----- Dataset records

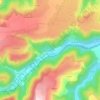 Mapa topográfico Aurouze, altitude, relevo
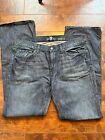 7 For All Mankind Mens Boot Cut Dark Wash Blue Jean Size 36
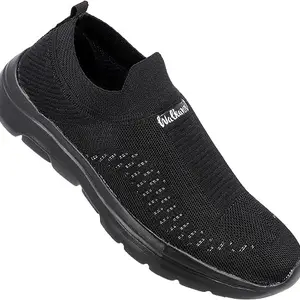 WALKAROO Gents Black Sports Shoe (WS9529) 8 UK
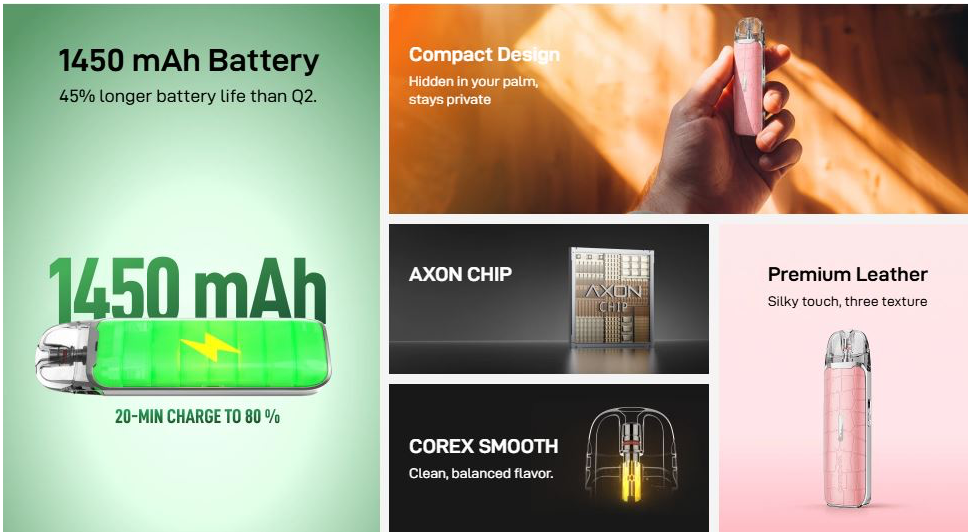 Luxe Q3 1450mah 30W Vaporesso - Ítem3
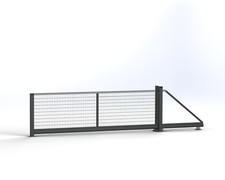 Freitragend Schiebetore Hoftor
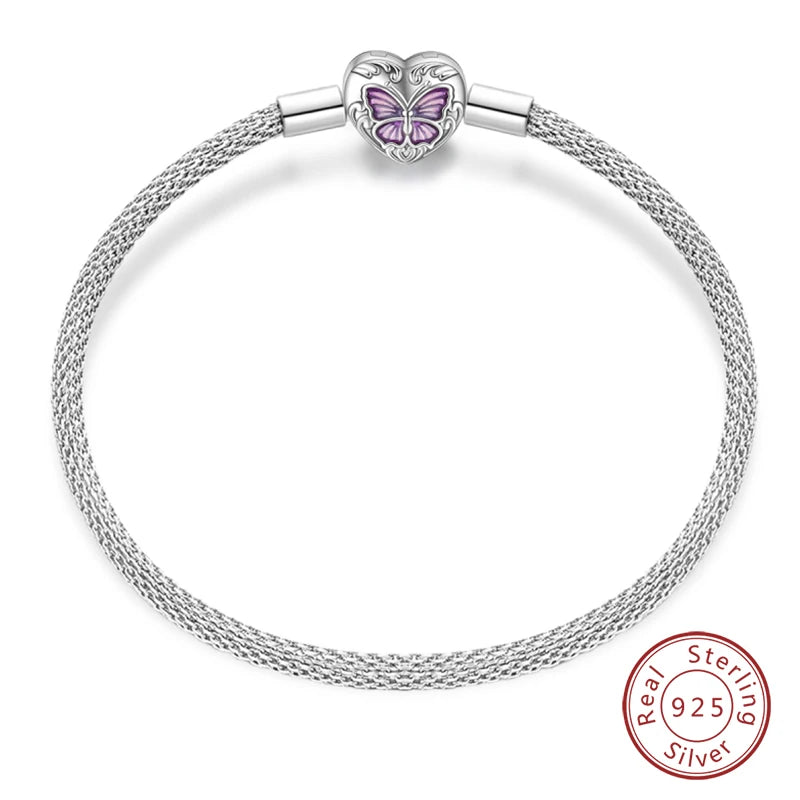 925 sterling zilveren bedelarmband – Ster, maan, zon & klavertje vier met groene zirconia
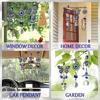 Turkish Blue Evil Eye Butterfly Wall Hanging with Crystal Suncatcher Home Decor Protection Good Luck Blessing Housewarming 4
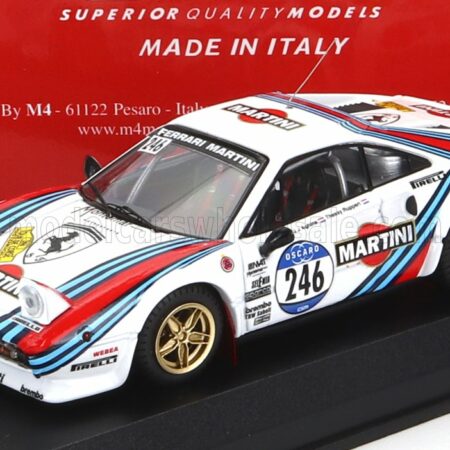 BEST-MODEL 1/43 FERRARI | 308 GTB N 246 RALLY TOUR DE CORSE HISTORIQUE 2012 J.J.AGHINA - J.RUPERT | WHITE BLUE RED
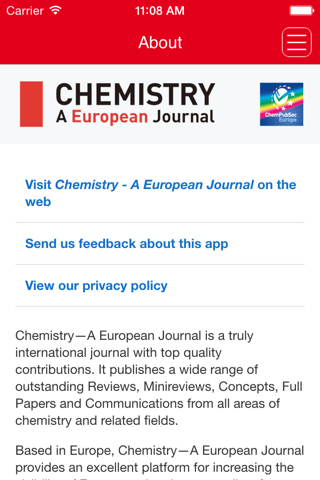 Chemistry - A European Journal screenshot 3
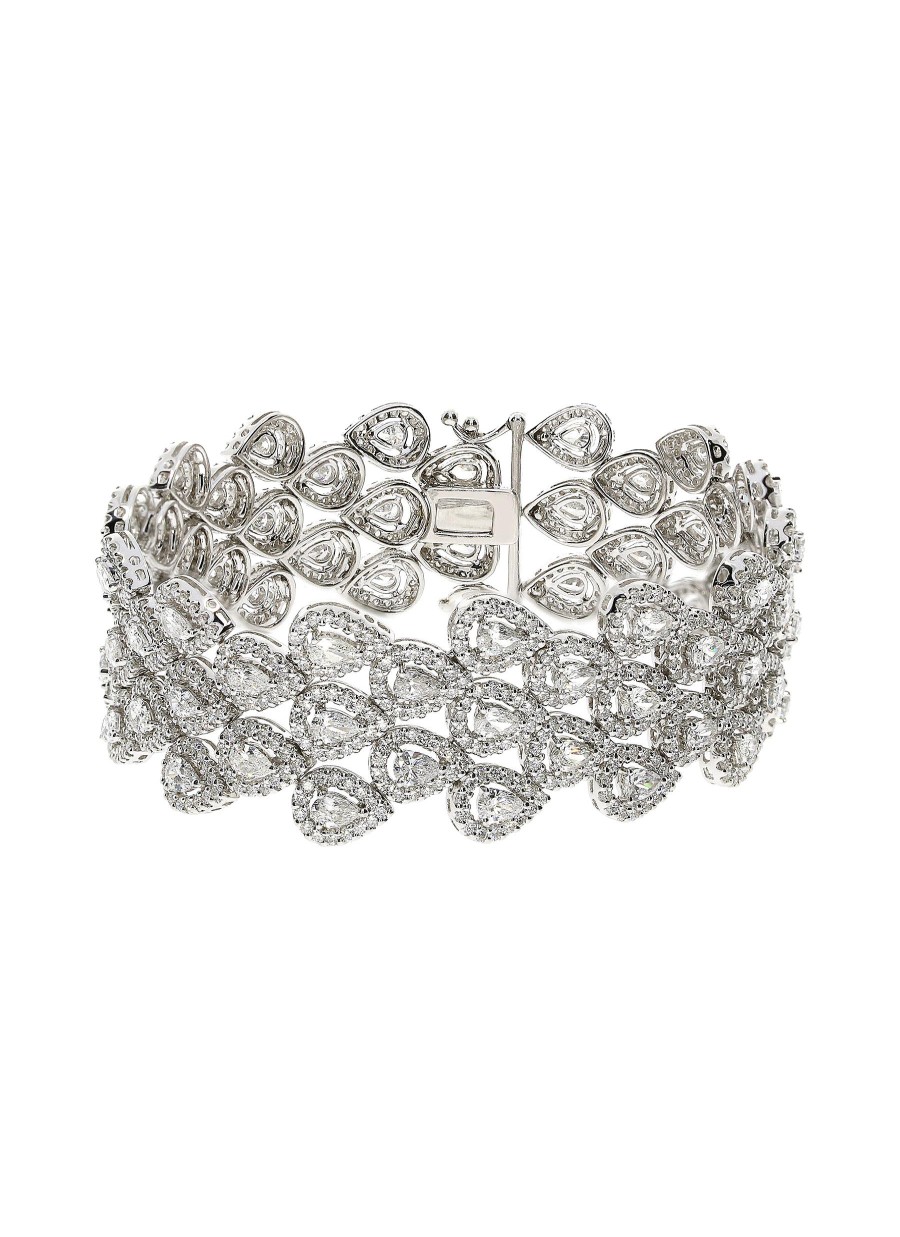 Women LC COLLECTION JEWELLERY Fine Jewellery | 18K White Gold Diamond Bracelet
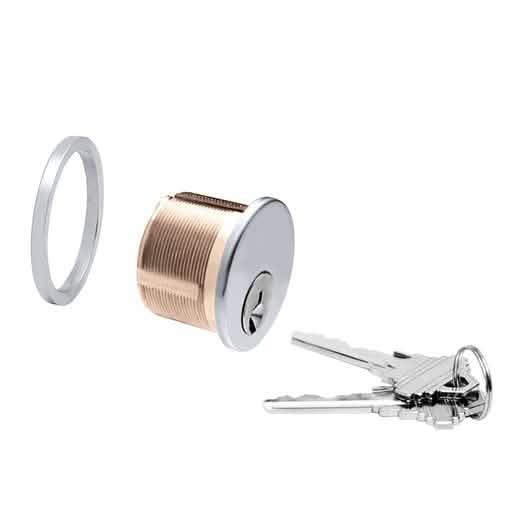 CRL Satin Anodized Mortise Keyed Alike Cylinder – Secure, durable lock solution.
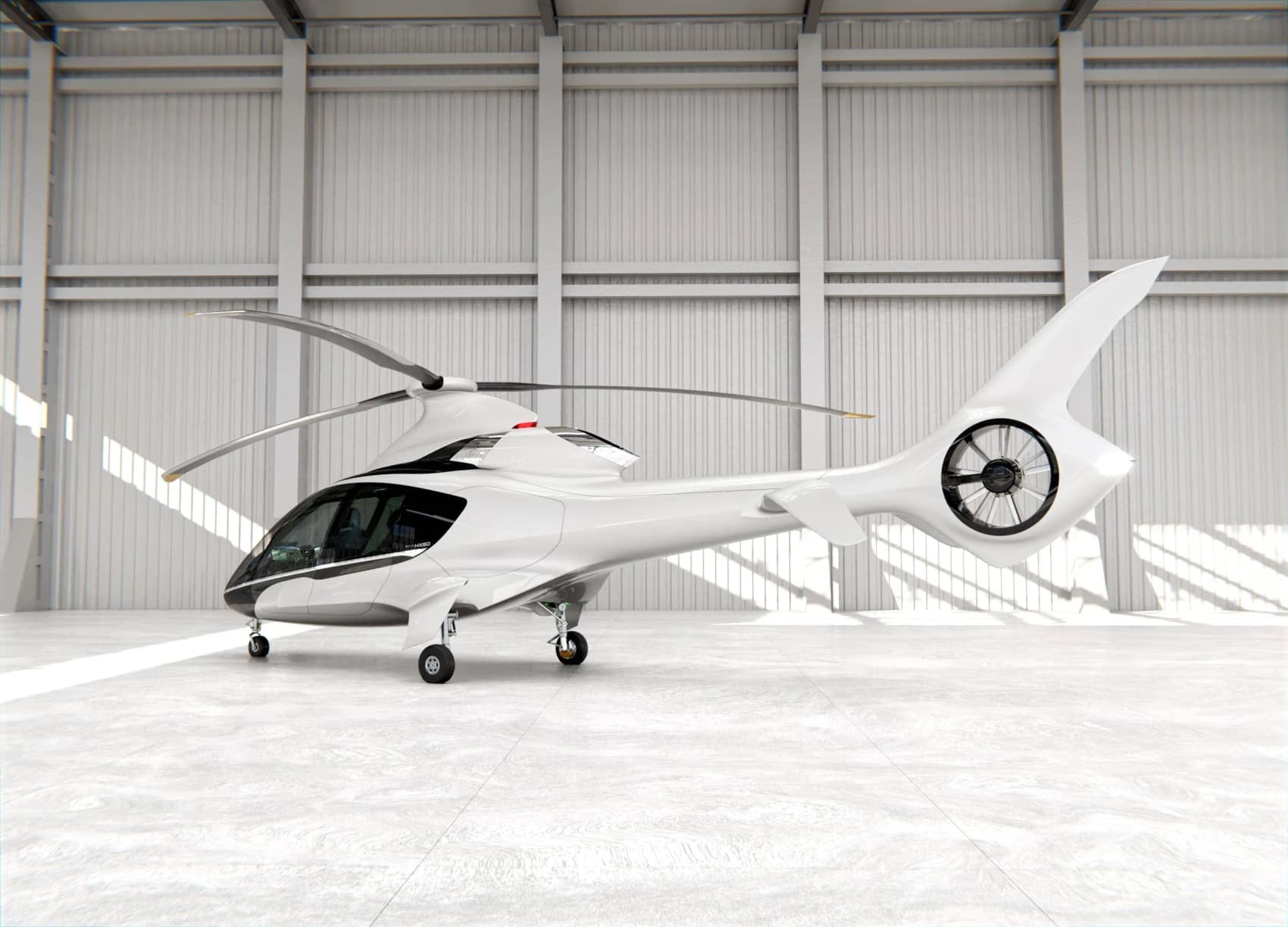 Hill Helicopters Model White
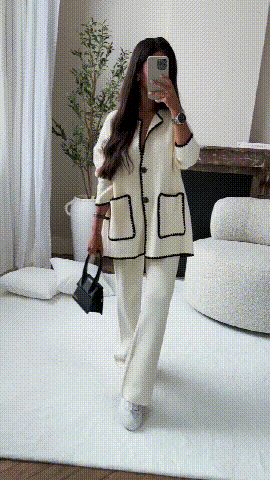 Completo Donna Elegante Giacca e Pantaloni Slim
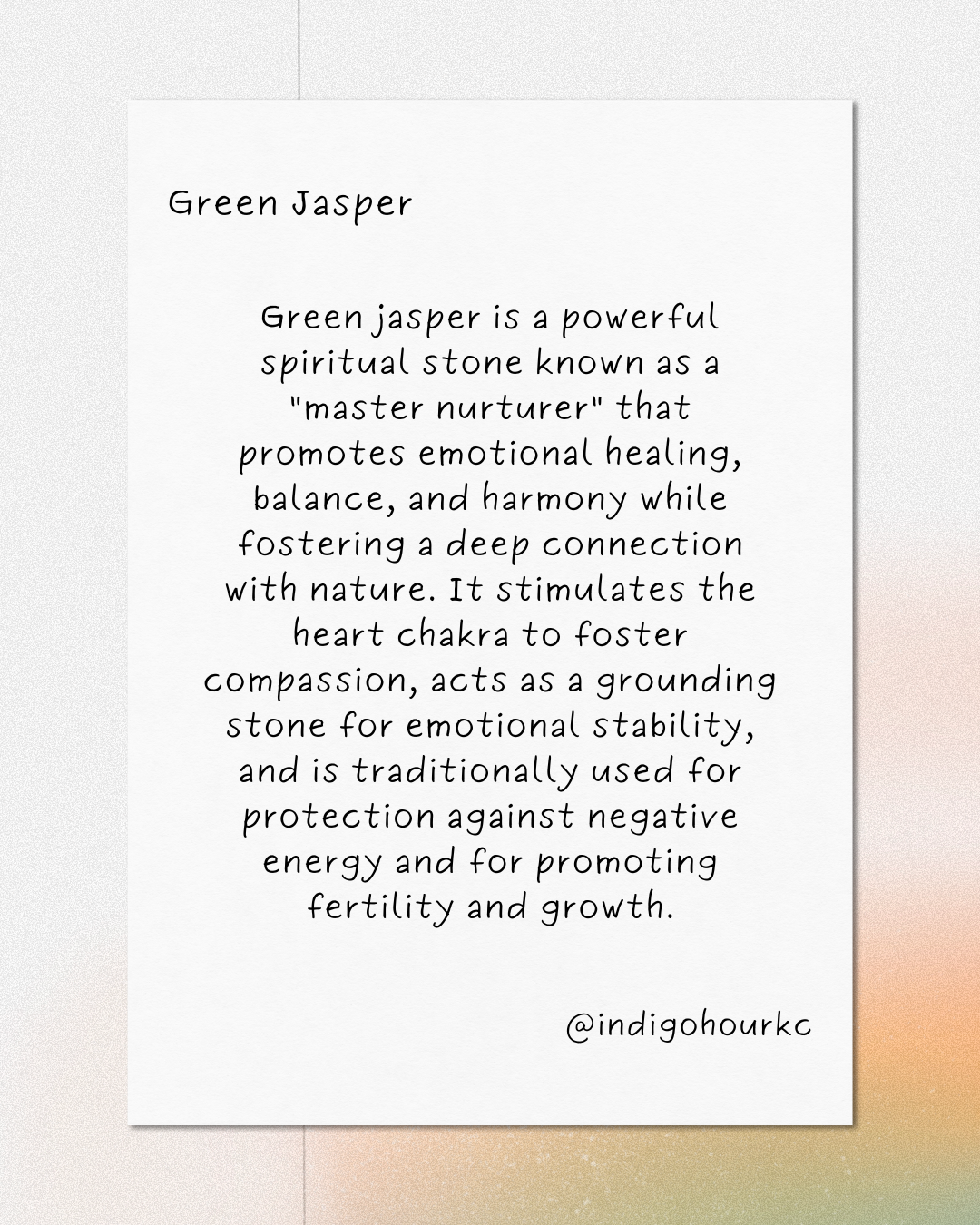 Green Jasper Gold Huggies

----------

#### Brief
First drop every picture, then print the data above exactly as it stands.

#### Written answer
 Mapa topográfico Aurouze, altitude, relevo
 7 For All Mankind Mens Boot Cut Dark Wash Blue Jean Size 36
 WALKAROO Gents Black Sports Shoe (WS9529) 8 UK
 Luxe Q3 1450mah 30W Vaporesso - Ítem3
 Freitragend Schiebetore Hoftor
 925 sterling zilveren bedelarmband – Ster, maan, zon & klavertje vier met groene zirconia
 Turkish Blue Evil Eye Butterfly Wall Hanging with Crystal Suncatcher Home Decor Protection Good Luck Blessing Housewarming 4
 BEST-MODEL 1/43 FERRARI | 308 GTB N 246 RALLY TOUR DE CORSE HISTORIQUE 2012 J.J.AGHINA - J.RUPERT | WHITE BLUE RED
 Chemistry - A European Journal screenshot 3
 Women LC COLLECTION JEWELLERY Fine Jewellery | 18K White Gold Diamond Bracelet
 CRL Satin Anodized Mortise Keyed Alike Cylinder – Secure, durable lock solution.
 Hill Helicopters Model White
 Completo Donna Elegante Giacca e Pantaloni Slim
 Green Jasper Gold Huggies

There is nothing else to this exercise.